CALLER: Hi. I just called, we were talking about the Ebola thing, and I have a daughter that works in an emergency room. She’s a nurse, and they had a patient that came in from Africa a short while back claiming to be sick. So they brought her in, they put the patient in isolation and everything. The doctors wouldn’t even go in the room to look at the patient because they said they had no experience and knew nothing about this disease. So the nurses had to suit up and go in.
RUSH: You are kidding us.
CALLER: No. That’s what she said. She said so it was up to us, so —
RUSH: Come on.
CALLER: — they had to go in and do whatever it had to be done to test, to make sure the patient didn’t have Ebola. But the doctors wouldn’t even go in there because they said they knew nothing about this disease, had no idea how to treat it.
RUSH: When was this?
CALLER: I’m not sure the exact day it was. Just a short while ago.
RUSH: During this recent outbreak?
CALLER: Yeah.
RUSH: That’s unbelievable. The doctors wouldn’t go in there, they ordered the nurses to?
CALLER: I can’t you. They had to go in. They —
RUSH: Well, did they?
CALLER: — had go in and the doctors wouldn’t, so —
RUSH: Well, did they? Did the nurses go in?
CALLER: Yeah. At least my daughter did. She suited up and she said they had a very limited supply of those respirator type masks that’s used and I guess those are only good for a certain amount of hours or something —
RUSH: Yeah.
CALLER: — but, anyway, she so she suited up and went in. I don’t know how many other nurses had to go in. But she said here they wouldn’t even go in, but we had to.
RUSH: You know, this is just one of those things that just doesn’t sound right. I mean, I’m not disputing you. Don’t misunderstand. But I’ve just never heard of this. I mean, I could understand the doctor not wanting to go in there, but, “You go in there, Mabel, I ain’t going! I don’t know what this thing’s about. You go in there!”
CALLER: Yeah —
RUSH: Whatever happened to women and children first? Women and children first now is, “You take the plunge, babe. I’m going in last.”

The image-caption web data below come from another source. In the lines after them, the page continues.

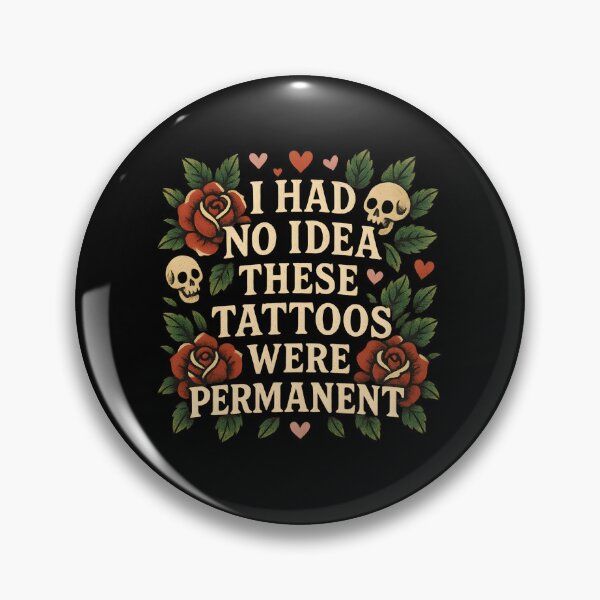Item preview, I Had No Idea These Tattoos Were Permanent designed and sold by hemagamo.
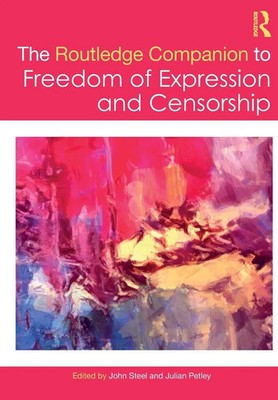 The Routledge Companion to Freedom of Expression and Censorship | Steel (u. a.)
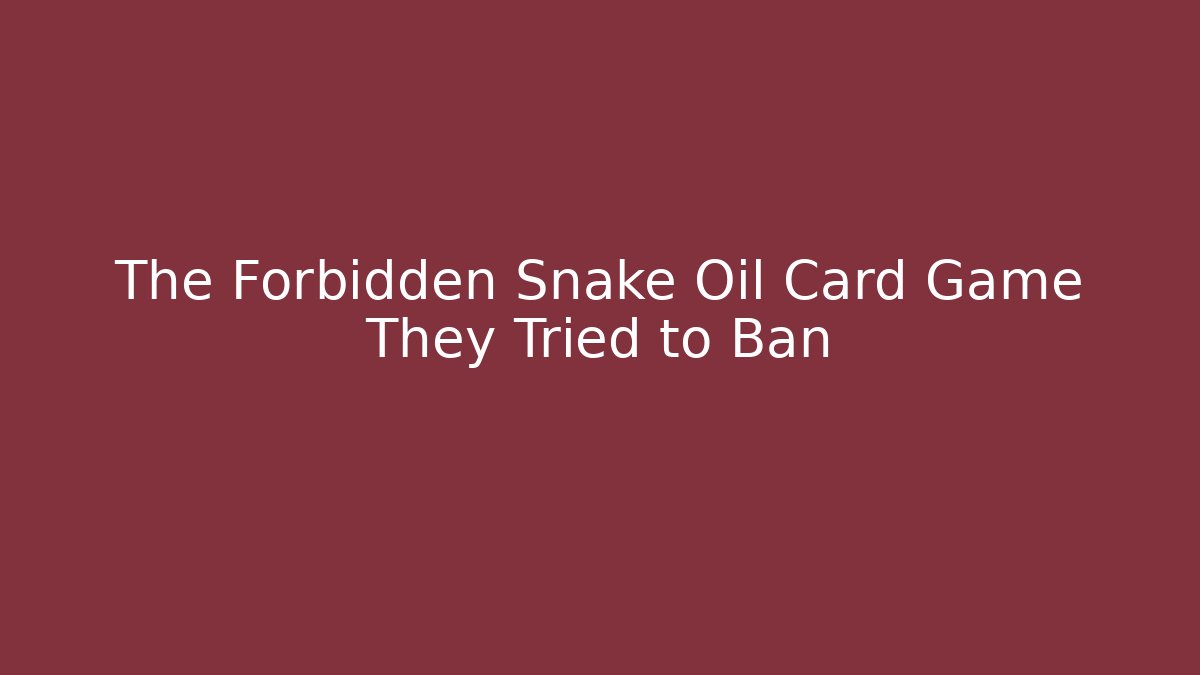 The Forbidden Snake Oil Card Game They Tried to Ban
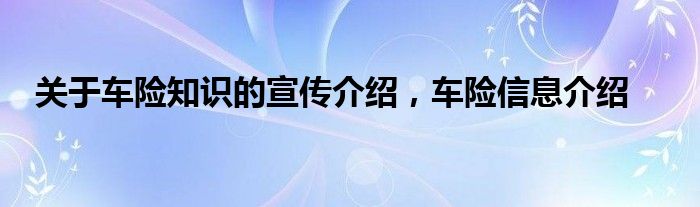 关于车险知识的宣传介绍，车险信息介绍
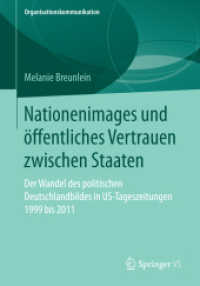 Nationenimages und öffentliches Vertrauen zwischen Staaten : Der Wandel des politischen Deutschlandbildes in US-Tageszeitungen 1999 bis 2011 (Organisationskommunikation)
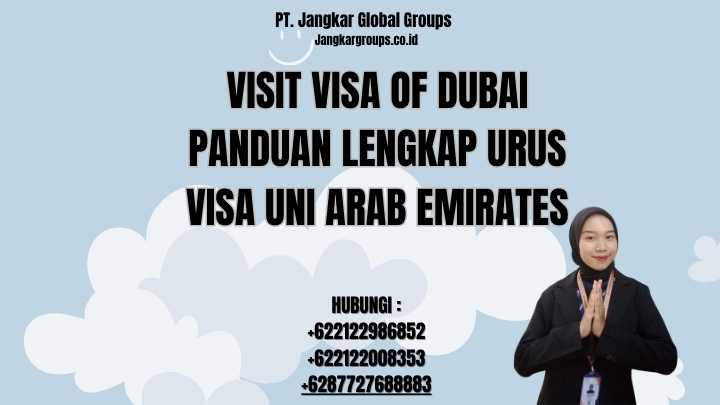 Visit Visa Of Dubai Panduan Lengkap Urus Visa Uni Arab Emirates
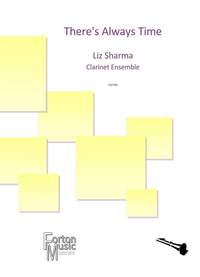 Sharma, Liz: There's Always Time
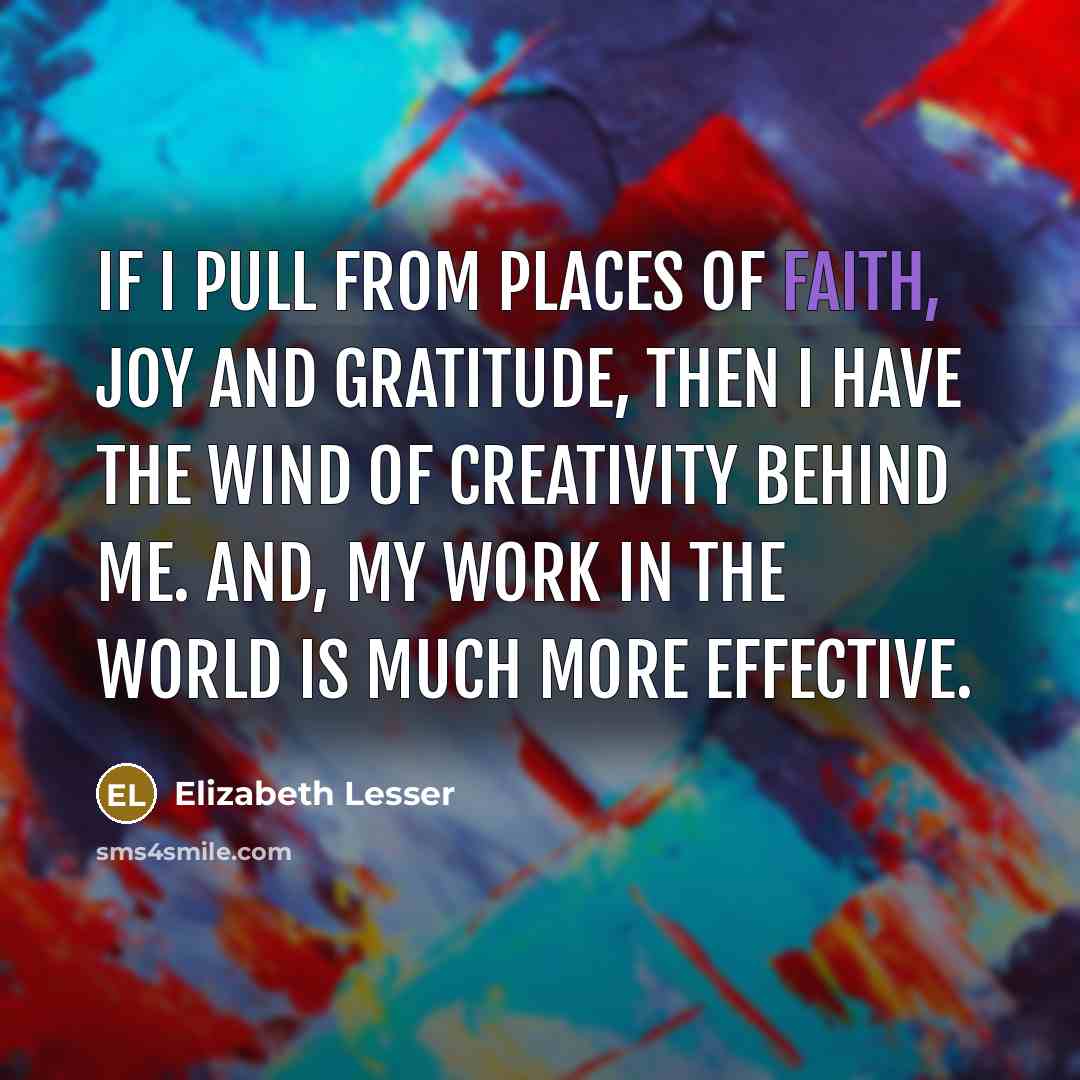 “If I pull from places of faith, joy and gratitude,…” quote by Elizabeth Lesser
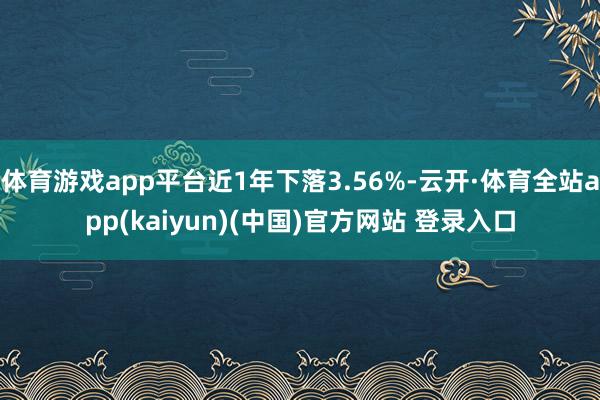 体育游戏app平台近1年下落3.56%-云开·体育全站app(kaiyun)(中国)官方网站 登录入口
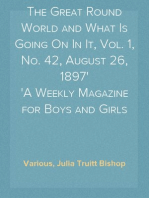 The Great Round World and What Is Going On In It, Vol. 1, No. 42, August 26, 1897
A Weekly Magazine for Boys and Girls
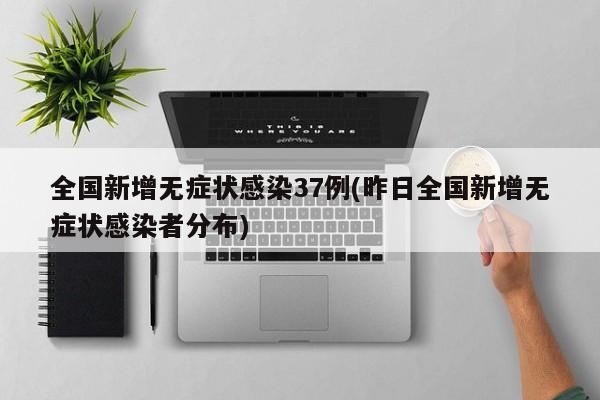 全国新增无症状感染37例(昨日全国新增无症状感染者分布)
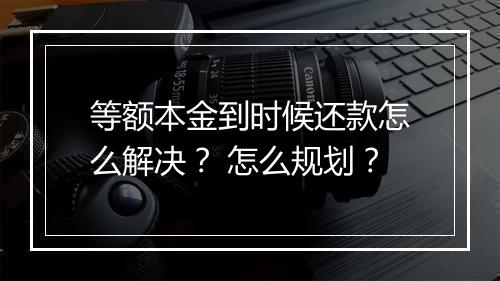 等额本金到时候还款怎么解决？ 怎么规划？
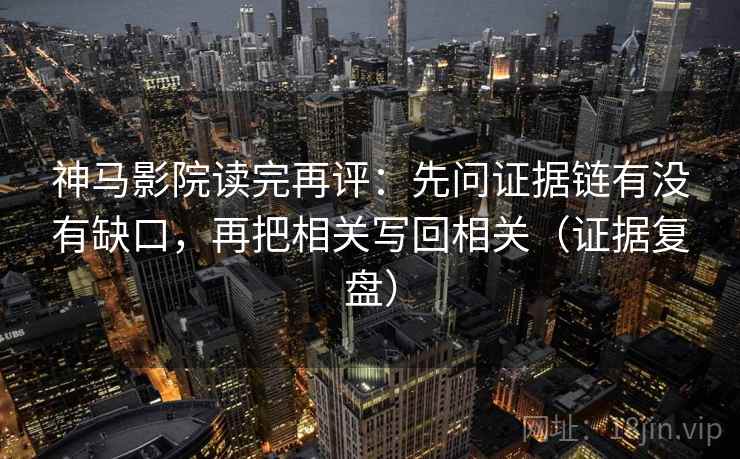 神马影院读完再评：先问证据链有没有缺口，再把相关写回相关（证据复盘）
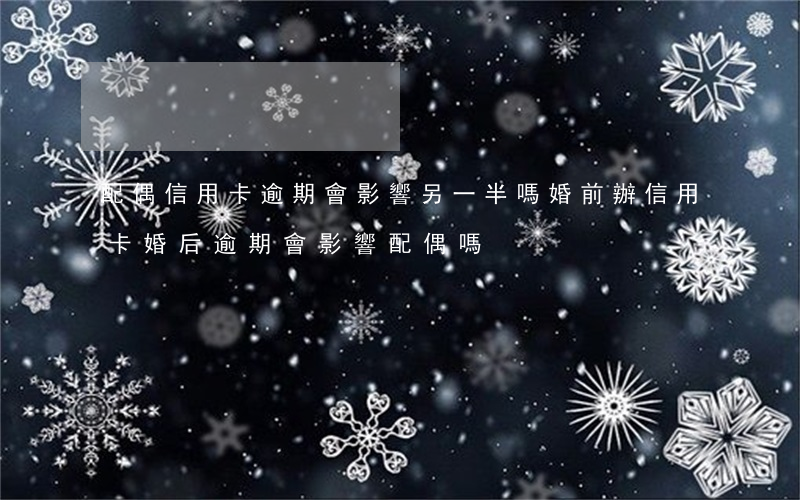 配偶信用卡逾期會影響另一半嗎(婚前辦信用卡婚后逾期會影響配偶嗎)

CALLER: I was really concerned about all the stuff going around with her being in emergency, you know, everything comes in there. So I had told her to be careful, and then she told me this the other day, and I didn’t really have a chance to question her too much about it or anything, but that’s what she told me. She said she thought it was kind of odd that they wouldn’t even go in there but the nurses had to.
RUSH: Well, I appreciate that information and the phone call. There’s stuff happening with this, and I do not blame people for being alarmed, scared, frightened. It’s a disease with the mortality rate anywhere from 70 to 90%, and there hasn’t been any confidence inspired, the way the Regime has dealt with this. But that’s still a first for me. You know, the Titanic, it was women and children first into the lifeboats. But now, the doctors are saying, “Get outta my way, I’m leaving the hospital. If you want to go in there and find out what’s going on, go right ahead and put it on the chart and I’ll see it tomorrow.”